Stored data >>
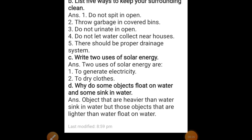Write two uses of solar energy: to generate electricity and to dry clothes. Why do some objects float on water and some sink? Objects that are heavier than water sink in water, but objects that are lighter than water float on water.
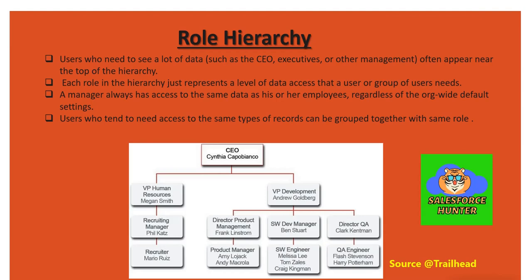Hi all, Pankaj here. So in this video we're going to talk about role hierarchy. It's going to be a short and crisp video. So let's start. Before we begin, let's try to understand role hierarchy with a simple example.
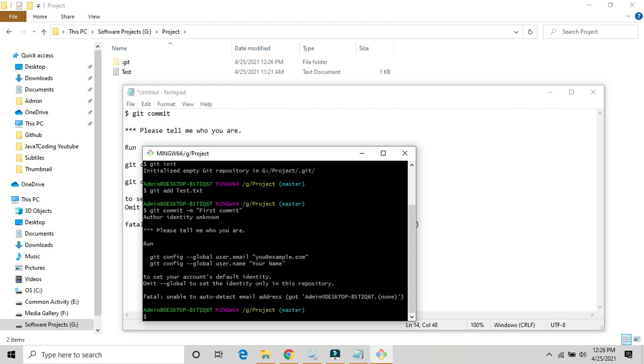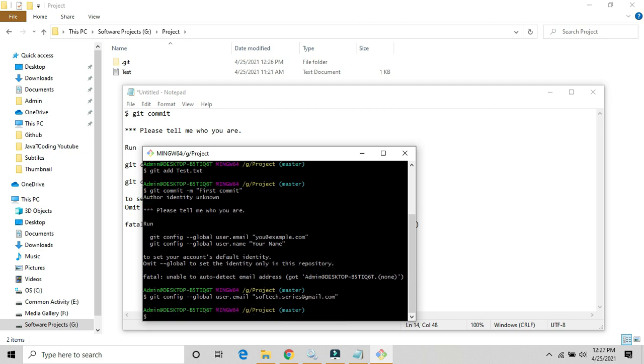Let's resolve how we can resolve this error. We need to set this config username and the email ID. Git config global user dot email, and this is my email ID at gmail.com. Press enter.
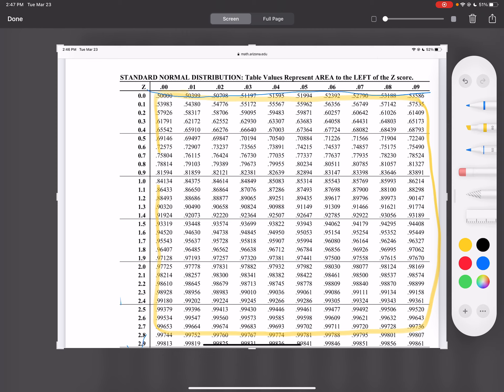So this chart always gives you the percent to the left. So when you look here and you see 78.814, that is the percent to the left.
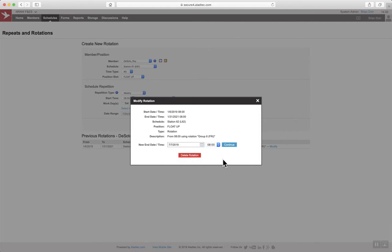Be cautious not to select delete rotation or that will remove the employee from the schedule back to the beginning of when they were first entered into the schedule. Rather, select continue.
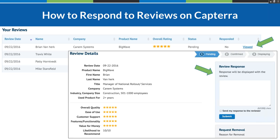When responding within the Capterra portal, simply log in, go to the Reviews tab, click on the review details, and respond via the widget on the top right-hand side. Anything you type will appear publicly. If you have the user's email address from your CRM, you can also email them externally to address the issue one-on-one — but I'd highly recommend doing both, since a public response shows how much you care about your users' experience.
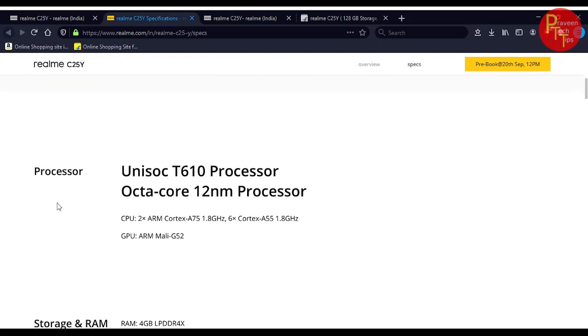The Processor is using the UniSoC T610 Processor in 12nm architecture. The ARM Cortex processor is 1.8GHz with ARM Cortex A55 cores at 1.8 gigahertz.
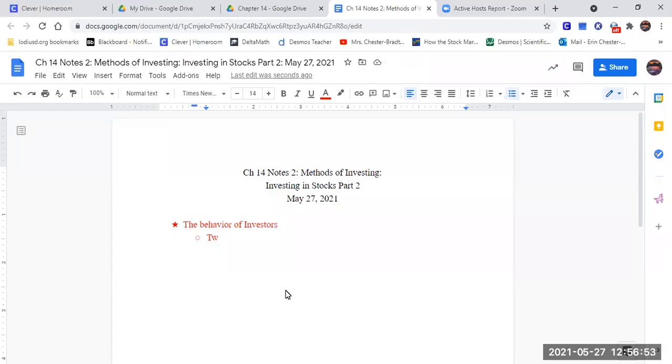So we talked about the New York Stock Exchange and the NASDAQ last time, and how it was this crazy auction house thing. And they found that there are two behaviors, there are two types of investors.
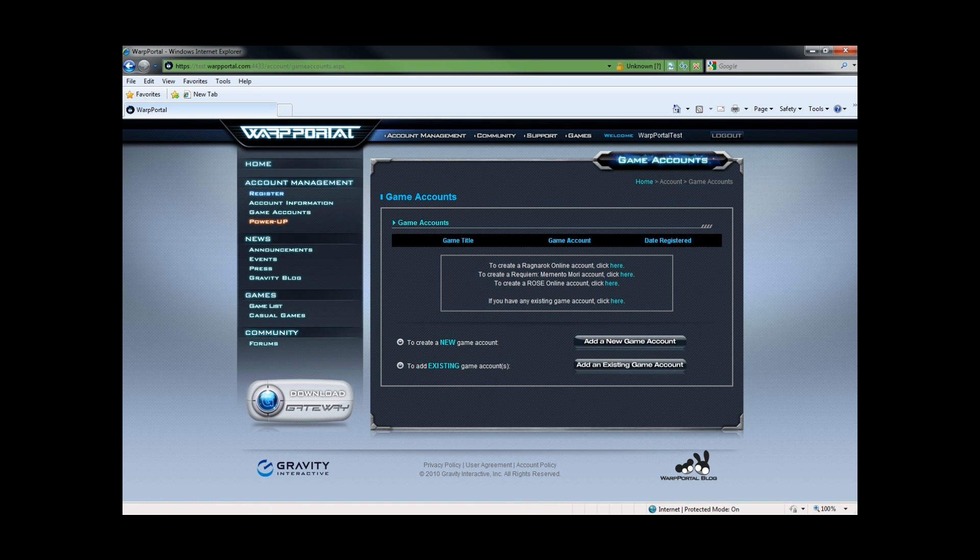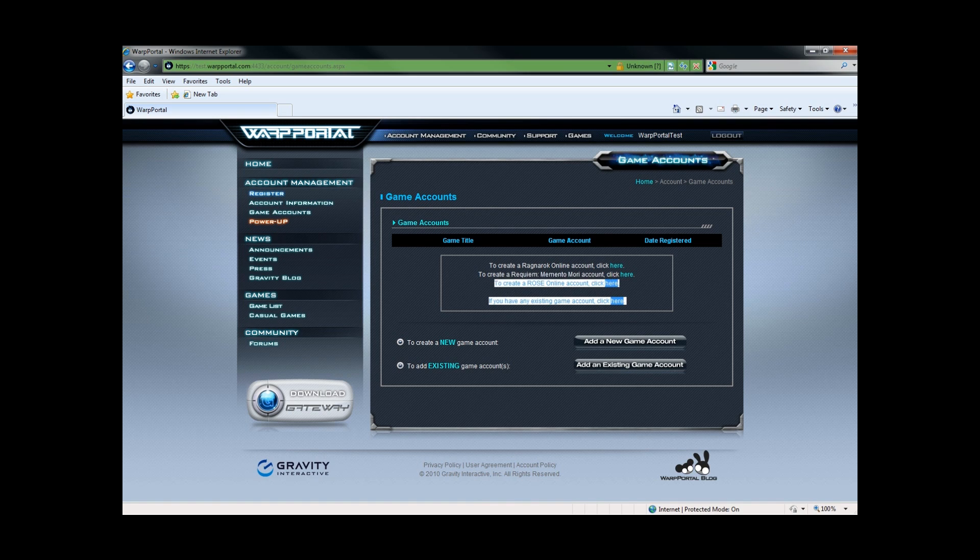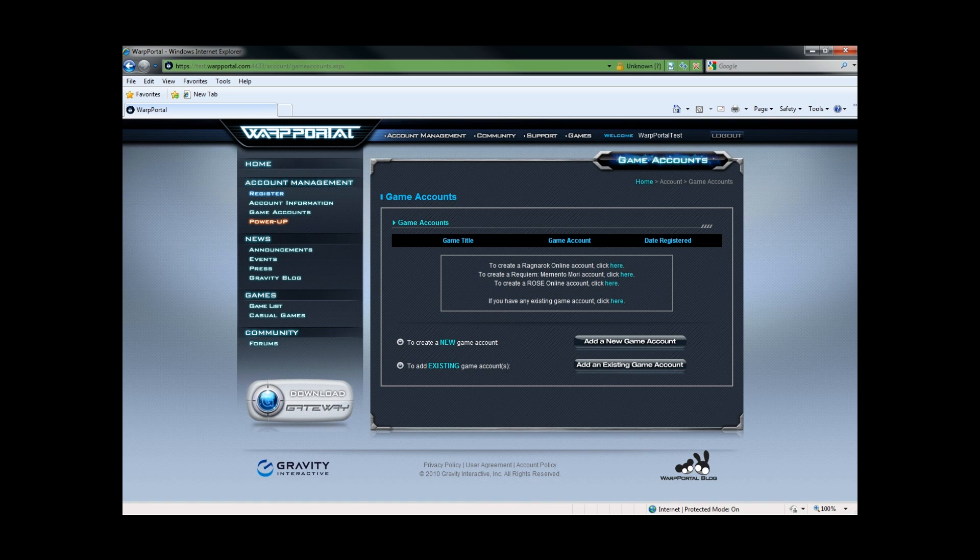This is where you would normally see all of your registered game accounts. They would be right here. There is nothing registered yet, so let's go ahead and add one of my old accounts by clicking the add an existing game account link.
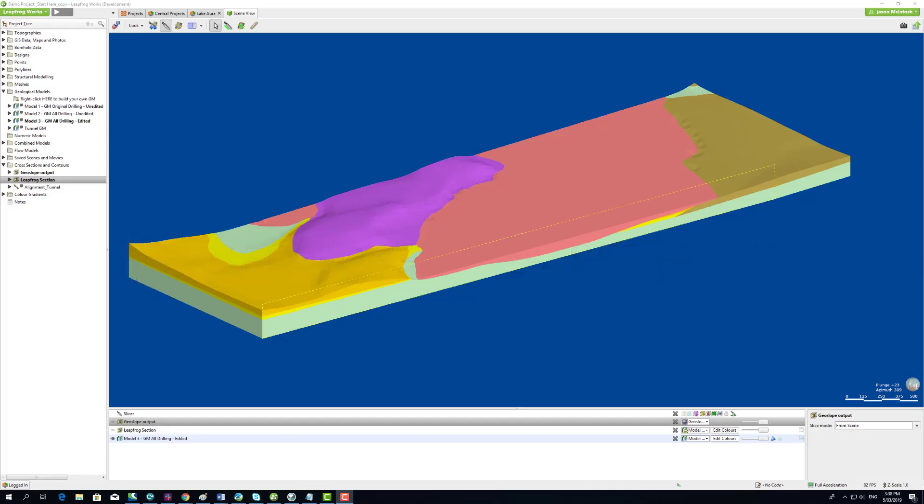Using LeapFrog Works and GeoStudio, it's possible to easily build a geological model, generate a slope stability analysis, and view the stability results in LeapFrog with one streamlined workflow.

Activity >>
Above are some records; extract exactly the lines from the one containing "Hi all, Pankaj" through the one containing "So this chart" and drop the pictures.

Answer box >>
Hi all, Pankaj here. So in this video we're going to talk about role hierarchy. It's going to be a short and crisp video. So let's start. Before we begin, let's try to understand role hierarchy with a simple example.
Let's resolve how we can resolve this error. We need to set this config username and the email ID. Git config global user dot email, and this is my email ID at gmail.com. Press enter.
So this chart always gives you the percent to the left. So when you look here and you see 78.814, that is the percent to the left.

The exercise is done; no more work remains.